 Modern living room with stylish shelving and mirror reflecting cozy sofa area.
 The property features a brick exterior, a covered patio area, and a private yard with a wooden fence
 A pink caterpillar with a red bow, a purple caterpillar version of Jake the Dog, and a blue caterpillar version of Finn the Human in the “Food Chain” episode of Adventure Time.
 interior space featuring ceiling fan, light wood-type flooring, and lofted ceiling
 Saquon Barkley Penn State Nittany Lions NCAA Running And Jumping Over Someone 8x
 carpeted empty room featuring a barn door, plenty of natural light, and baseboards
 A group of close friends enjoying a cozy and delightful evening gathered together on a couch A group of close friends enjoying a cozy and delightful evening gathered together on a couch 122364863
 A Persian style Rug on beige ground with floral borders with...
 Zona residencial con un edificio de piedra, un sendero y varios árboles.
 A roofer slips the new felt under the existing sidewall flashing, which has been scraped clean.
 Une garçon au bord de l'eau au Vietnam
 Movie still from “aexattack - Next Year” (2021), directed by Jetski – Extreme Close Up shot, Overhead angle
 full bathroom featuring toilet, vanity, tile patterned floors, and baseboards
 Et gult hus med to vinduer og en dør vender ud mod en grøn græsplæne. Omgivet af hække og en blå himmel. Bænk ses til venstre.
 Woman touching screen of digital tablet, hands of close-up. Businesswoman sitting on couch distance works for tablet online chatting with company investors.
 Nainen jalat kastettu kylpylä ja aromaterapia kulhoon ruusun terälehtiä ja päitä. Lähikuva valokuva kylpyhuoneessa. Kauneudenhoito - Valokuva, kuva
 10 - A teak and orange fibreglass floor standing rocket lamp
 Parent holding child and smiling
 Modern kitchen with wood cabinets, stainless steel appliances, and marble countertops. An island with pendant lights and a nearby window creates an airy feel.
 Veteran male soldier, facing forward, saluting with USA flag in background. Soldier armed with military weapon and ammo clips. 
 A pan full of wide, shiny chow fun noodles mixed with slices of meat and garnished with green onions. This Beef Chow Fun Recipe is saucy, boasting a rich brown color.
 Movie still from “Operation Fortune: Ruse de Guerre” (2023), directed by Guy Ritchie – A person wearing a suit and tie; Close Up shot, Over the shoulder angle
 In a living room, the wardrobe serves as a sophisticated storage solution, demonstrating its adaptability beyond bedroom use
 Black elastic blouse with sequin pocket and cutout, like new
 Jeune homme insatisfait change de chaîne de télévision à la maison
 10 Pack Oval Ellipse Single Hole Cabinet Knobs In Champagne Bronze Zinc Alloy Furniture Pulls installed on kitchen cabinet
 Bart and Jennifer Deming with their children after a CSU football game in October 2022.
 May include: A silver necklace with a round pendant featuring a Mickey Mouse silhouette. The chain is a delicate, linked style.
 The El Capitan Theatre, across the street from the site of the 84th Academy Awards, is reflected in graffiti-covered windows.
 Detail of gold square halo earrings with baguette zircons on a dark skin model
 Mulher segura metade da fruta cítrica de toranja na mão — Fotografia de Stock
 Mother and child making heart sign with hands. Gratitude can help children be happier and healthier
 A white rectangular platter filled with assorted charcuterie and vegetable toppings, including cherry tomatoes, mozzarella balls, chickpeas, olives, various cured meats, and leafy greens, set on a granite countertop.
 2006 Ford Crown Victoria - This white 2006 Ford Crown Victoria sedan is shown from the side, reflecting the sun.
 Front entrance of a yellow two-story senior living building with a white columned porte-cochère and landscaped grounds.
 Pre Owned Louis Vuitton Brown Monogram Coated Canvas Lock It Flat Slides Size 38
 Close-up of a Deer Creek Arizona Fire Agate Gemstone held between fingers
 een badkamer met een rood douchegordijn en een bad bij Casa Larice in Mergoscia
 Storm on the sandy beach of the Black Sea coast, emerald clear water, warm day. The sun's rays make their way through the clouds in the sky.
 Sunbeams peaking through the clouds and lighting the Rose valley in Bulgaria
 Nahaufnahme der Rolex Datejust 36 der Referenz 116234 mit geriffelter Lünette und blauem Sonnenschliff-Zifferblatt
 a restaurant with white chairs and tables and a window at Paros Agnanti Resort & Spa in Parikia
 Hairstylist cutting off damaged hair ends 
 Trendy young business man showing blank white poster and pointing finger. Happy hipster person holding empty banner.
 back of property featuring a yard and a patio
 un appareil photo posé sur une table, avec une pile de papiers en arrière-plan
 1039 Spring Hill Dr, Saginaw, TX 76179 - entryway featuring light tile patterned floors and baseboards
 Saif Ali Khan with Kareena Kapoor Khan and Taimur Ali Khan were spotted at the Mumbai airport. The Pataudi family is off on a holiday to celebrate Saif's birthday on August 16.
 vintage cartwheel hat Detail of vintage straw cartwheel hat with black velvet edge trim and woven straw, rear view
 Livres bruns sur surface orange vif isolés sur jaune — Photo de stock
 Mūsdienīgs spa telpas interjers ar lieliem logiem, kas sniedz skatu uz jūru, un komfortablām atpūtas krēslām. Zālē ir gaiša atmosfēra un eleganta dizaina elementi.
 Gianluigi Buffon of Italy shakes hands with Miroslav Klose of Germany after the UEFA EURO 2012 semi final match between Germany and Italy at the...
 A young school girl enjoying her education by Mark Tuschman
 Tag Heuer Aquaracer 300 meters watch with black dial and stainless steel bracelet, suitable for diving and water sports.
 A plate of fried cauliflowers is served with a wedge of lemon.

* _Assigned task_: Which lines belong in the answer? Exactly those from the first line of the entries through the line holding "a couch 122364863", inclusive, copied unchanged.

* _Response to this exercise_:
 Modern living room with stylish shelving and mirror reflecting cozy sofa area.
 The property features a brick exterior, a covered patio area, and a private yard with a wooden fence
 A pink caterpillar with a red bow, a purple caterpillar version of Jake the Dog, and a blue caterpillar version of Finn the Human in the “Food Chain” episode of Adventure Time.
 interior space featuring ceiling fan, light wood-type flooring, and lofted ceiling
 Saquon Barkley Penn State Nittany Lions NCAA Running And Jumping Over Someone 8x
 carpeted empty room featuring a barn door, plenty of natural light, and baseboards
 A group of close friends enjoying a cozy and delightful evening gathered together on a couch A group of close friends enjoying a cozy and delightful evening gathered together on a couch 122364863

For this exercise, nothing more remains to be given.